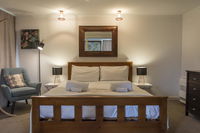 Cosy shared spa pool and walk to town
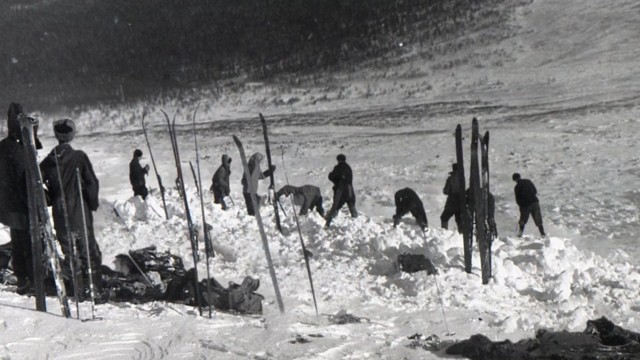 Watch An Unknown Compelling Force Online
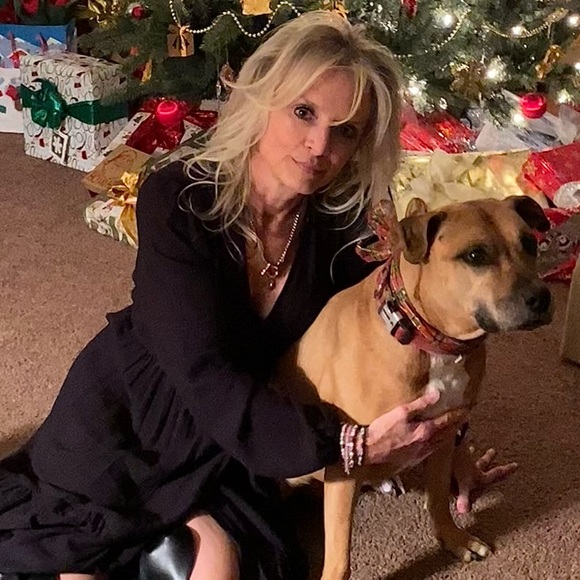 Meet your Posher, Becca - Picture 1 of 1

- - - - - - -

* _The problem_
Every line of the data above should be repeated exactly. Omit the pictures.

* _Answer space_
 Cosy shared spa pool and walk to town
 Watch An Unknown Compelling Force Online
 Meet your Posher, Becca - Picture 1 of 1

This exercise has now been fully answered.